Besides his family name, Hardy’s parents gave their son the love of literature, music (like his father, Thomas played the fiddle), and religion, which are evident in his works. A self-styled “born book-worm,” Hardy could read at age three. He might have had a successful career as a scholar, but at age sixteen, his formal schooling ended when he was apprenticed to a local church restorer. He loved knowledge, however, and continued his education by rising early every morning to study Latin and Greek before Setting off to work. He read voraciously, especially the Bible and, in 1859, Charles Darwin’s The Origin of Species. In 1862, Hardy became an assistant to a London architect Sir Arthur Blomfield. He had thought about entering the ministry or becoming a poet, but by his early twenties his reading had converted him to agnosticism and his poetry had met with little success. For economic reasons, he decided to try his hand at prose. His first fictional piece was published in 1865; the manuscript of his first novel The Poor Man and the Lady was completed two years later. Although the book was never published, encouraging advice from George Meredith, a poet whom Hardy admired, convinced the aspiring novelist to try again. Hardy’s first popular success occurred in 1874 when the first of his Wessex novels, Far from the Madding Crowd, was published. As with Tess, this work was noted for its spirited female protagonist and Hardy’s use of his fictional landscape.

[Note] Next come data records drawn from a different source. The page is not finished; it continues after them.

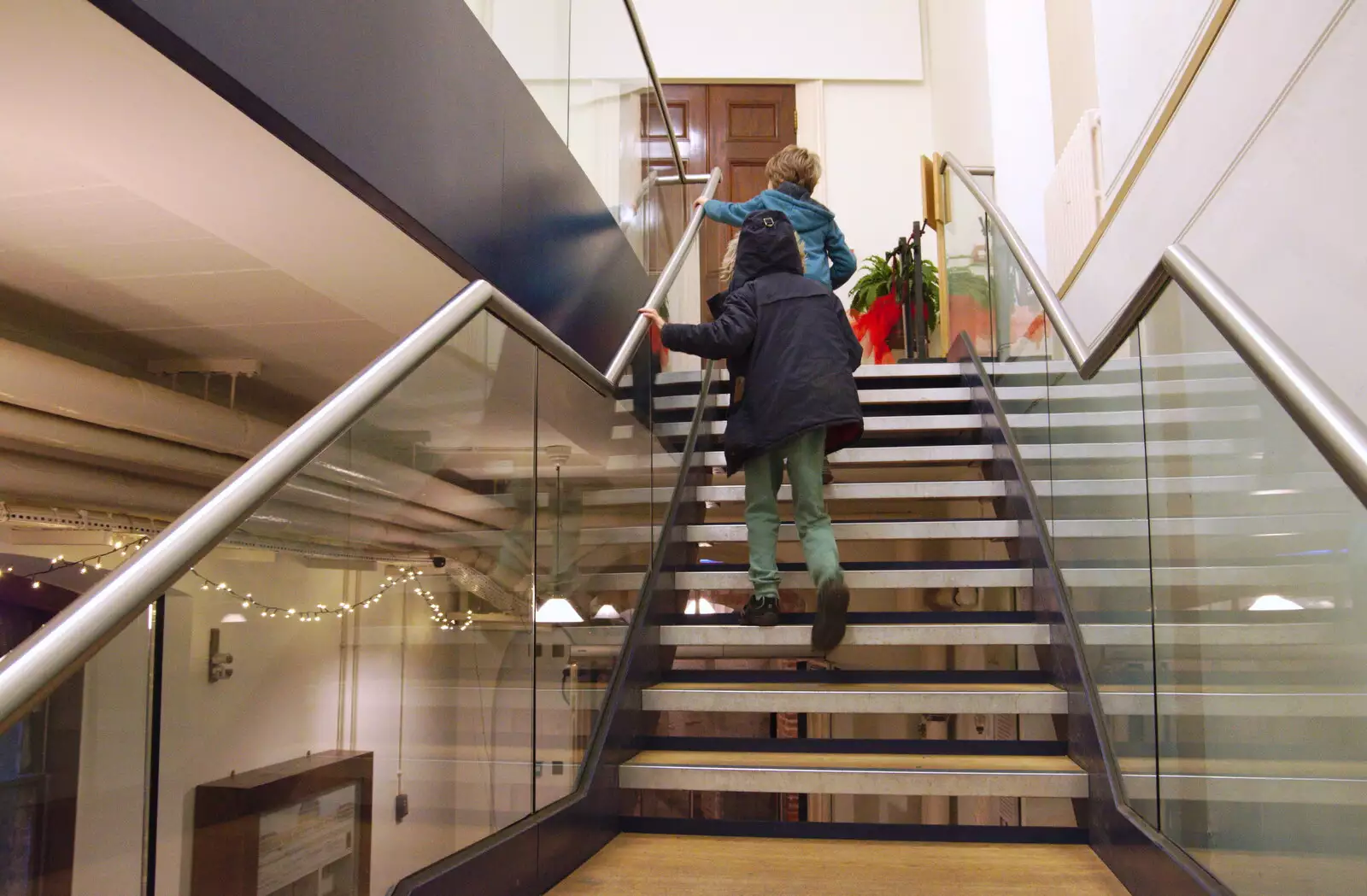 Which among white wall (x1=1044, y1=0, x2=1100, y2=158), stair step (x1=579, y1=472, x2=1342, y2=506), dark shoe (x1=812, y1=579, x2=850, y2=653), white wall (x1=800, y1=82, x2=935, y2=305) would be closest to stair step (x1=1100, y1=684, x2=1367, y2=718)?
stair step (x1=579, y1=472, x2=1342, y2=506)

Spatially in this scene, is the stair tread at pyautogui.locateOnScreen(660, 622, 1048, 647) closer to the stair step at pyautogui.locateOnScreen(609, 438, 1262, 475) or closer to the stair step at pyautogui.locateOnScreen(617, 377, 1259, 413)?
the stair step at pyautogui.locateOnScreen(609, 438, 1262, 475)

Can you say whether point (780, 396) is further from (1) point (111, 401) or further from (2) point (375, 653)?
(1) point (111, 401)

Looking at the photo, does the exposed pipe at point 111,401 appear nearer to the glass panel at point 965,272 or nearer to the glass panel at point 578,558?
the glass panel at point 578,558

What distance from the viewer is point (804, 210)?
13.2 feet

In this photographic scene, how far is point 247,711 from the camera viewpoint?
128 centimetres

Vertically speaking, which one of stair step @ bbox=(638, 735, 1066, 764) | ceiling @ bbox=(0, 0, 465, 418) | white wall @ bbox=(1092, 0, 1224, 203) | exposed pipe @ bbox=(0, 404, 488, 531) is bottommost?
stair step @ bbox=(638, 735, 1066, 764)

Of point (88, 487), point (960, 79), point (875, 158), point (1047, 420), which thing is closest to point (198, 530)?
point (1047, 420)

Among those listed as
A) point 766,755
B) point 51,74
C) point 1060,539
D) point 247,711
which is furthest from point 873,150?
Result: point 247,711

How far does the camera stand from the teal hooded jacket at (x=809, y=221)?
398cm

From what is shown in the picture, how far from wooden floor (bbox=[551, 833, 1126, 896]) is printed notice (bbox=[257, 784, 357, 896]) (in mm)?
766

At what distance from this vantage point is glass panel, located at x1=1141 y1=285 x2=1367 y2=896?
138 centimetres

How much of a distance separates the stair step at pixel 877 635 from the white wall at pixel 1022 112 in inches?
132

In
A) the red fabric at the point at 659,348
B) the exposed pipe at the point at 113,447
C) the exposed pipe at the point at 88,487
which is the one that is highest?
the red fabric at the point at 659,348

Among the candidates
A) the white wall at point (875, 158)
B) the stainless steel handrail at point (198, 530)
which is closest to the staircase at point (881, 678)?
the stainless steel handrail at point (198, 530) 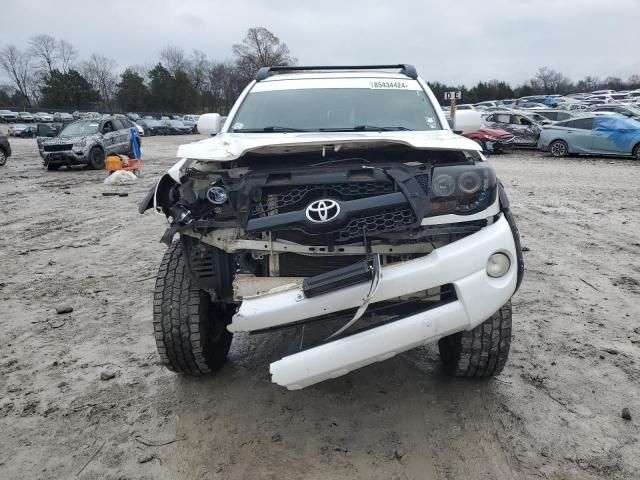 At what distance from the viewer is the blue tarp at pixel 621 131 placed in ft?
48.8

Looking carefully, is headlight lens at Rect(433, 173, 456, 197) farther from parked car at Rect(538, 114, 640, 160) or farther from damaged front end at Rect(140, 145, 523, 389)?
parked car at Rect(538, 114, 640, 160)

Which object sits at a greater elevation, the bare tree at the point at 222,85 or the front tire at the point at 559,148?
the bare tree at the point at 222,85

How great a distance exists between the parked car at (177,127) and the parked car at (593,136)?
31597mm

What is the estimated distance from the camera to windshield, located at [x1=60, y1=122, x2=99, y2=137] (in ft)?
53.1

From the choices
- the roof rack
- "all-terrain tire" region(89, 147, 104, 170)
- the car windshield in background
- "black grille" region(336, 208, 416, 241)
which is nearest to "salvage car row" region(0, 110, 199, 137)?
"all-terrain tire" region(89, 147, 104, 170)

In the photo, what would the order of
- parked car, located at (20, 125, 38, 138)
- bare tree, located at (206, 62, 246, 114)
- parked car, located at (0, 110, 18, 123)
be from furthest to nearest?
bare tree, located at (206, 62, 246, 114) < parked car, located at (0, 110, 18, 123) < parked car, located at (20, 125, 38, 138)

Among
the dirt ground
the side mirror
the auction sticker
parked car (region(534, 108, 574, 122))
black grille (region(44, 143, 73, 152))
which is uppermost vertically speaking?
the auction sticker

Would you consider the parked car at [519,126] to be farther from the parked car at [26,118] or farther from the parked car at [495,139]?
the parked car at [26,118]

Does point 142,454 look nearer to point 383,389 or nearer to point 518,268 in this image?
point 383,389

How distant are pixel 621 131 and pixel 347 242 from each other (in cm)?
1566

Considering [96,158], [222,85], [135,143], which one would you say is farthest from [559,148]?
[222,85]

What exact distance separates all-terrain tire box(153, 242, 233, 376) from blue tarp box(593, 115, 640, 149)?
51.2ft

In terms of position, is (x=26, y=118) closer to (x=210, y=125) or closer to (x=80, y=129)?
(x=80, y=129)

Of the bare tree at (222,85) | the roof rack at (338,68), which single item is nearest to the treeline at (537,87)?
the bare tree at (222,85) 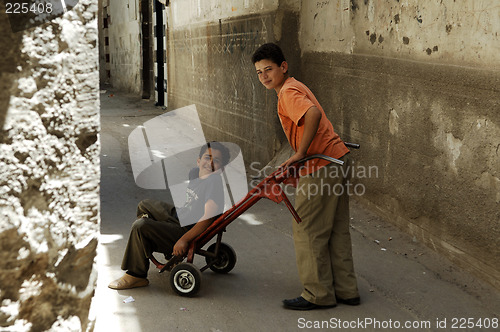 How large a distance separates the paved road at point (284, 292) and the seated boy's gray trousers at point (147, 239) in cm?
20

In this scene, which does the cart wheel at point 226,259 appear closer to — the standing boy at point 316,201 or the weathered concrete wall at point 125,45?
the standing boy at point 316,201

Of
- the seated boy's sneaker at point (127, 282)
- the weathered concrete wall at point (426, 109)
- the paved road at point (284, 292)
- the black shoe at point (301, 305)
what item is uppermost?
the weathered concrete wall at point (426, 109)

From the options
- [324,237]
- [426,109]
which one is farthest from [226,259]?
[426,109]

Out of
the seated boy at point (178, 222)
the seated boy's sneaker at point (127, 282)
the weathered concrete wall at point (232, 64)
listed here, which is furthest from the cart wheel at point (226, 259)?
the weathered concrete wall at point (232, 64)

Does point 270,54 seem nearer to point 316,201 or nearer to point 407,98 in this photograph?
point 316,201

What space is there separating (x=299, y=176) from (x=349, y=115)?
267 centimetres

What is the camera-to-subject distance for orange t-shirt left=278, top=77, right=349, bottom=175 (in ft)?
11.3

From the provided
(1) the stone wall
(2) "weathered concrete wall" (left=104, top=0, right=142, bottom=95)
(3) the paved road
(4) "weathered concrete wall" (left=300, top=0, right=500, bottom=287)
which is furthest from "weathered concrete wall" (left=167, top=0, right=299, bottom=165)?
(2) "weathered concrete wall" (left=104, top=0, right=142, bottom=95)

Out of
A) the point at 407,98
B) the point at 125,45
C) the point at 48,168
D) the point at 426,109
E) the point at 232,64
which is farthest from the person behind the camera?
the point at 125,45

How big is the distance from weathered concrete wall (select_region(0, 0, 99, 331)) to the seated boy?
2.38 metres

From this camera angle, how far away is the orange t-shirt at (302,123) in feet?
11.3

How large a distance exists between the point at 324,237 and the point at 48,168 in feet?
8.49

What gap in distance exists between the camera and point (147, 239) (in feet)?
12.7

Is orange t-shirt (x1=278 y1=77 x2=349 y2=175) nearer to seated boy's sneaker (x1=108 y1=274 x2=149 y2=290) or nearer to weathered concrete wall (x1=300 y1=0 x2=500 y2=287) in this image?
weathered concrete wall (x1=300 y1=0 x2=500 y2=287) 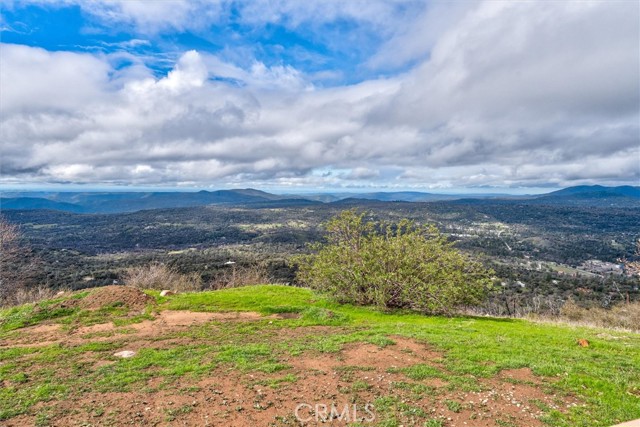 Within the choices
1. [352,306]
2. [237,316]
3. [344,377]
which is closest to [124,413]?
[344,377]

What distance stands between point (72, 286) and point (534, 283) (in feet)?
311

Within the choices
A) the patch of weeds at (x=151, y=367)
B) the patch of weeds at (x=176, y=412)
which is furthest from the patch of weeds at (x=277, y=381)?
the patch of weeds at (x=151, y=367)

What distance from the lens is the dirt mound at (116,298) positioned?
1927cm

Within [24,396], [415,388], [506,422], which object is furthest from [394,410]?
[24,396]

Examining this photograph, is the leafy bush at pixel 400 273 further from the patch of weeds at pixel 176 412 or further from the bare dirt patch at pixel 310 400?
the patch of weeds at pixel 176 412

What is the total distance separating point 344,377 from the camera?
9281mm

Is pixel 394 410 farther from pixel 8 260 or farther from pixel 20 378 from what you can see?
pixel 8 260

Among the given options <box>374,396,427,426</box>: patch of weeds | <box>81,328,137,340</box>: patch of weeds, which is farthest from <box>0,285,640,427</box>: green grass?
<box>81,328,137,340</box>: patch of weeds

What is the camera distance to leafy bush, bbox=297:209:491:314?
66.0 feet

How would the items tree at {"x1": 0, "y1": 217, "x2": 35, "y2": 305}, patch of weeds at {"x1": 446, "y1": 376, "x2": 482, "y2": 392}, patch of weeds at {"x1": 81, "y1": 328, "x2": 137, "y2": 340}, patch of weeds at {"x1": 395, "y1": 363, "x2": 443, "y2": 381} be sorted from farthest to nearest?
tree at {"x1": 0, "y1": 217, "x2": 35, "y2": 305}
patch of weeds at {"x1": 81, "y1": 328, "x2": 137, "y2": 340}
patch of weeds at {"x1": 395, "y1": 363, "x2": 443, "y2": 381}
patch of weeds at {"x1": 446, "y1": 376, "x2": 482, "y2": 392}

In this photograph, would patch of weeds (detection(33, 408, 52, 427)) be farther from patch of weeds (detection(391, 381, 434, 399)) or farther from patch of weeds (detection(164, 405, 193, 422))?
patch of weeds (detection(391, 381, 434, 399))

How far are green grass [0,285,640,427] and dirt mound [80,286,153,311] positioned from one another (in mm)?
1150

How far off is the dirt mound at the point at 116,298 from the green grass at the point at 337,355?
1150 mm

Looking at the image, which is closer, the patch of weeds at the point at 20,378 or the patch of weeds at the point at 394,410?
the patch of weeds at the point at 394,410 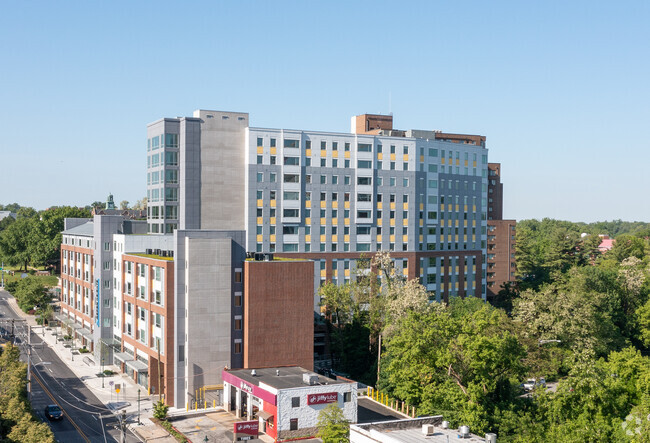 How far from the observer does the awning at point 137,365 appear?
92819 mm

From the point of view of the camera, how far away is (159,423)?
76625mm

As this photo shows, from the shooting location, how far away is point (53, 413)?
3110 inches

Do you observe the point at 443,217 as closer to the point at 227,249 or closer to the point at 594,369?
the point at 227,249

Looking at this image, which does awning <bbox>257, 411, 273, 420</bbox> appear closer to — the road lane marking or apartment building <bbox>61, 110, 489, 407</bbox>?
apartment building <bbox>61, 110, 489, 407</bbox>

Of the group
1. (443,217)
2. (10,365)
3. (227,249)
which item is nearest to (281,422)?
(227,249)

In 1885, Hardy moved, with his wife, Emma, into Max Gate, a home he had built in Dorset. There, only a mile or two from his birthplace, the novelist would live the rest of his life. Coming back to his native land seemed to stir Hardy’s creativity, and the next ten years saw the publication of three volumes of short stories as well as five major novels, including Tess. His wife died in 1912, and he married again in 1914. As the years passed, he noticed how the encroachment of civilization, especially the coming of the railroad to Dorset some seven years after his birth, had changed forever his beloved rural world. In his novels he poetically recaptures the beauty of the region.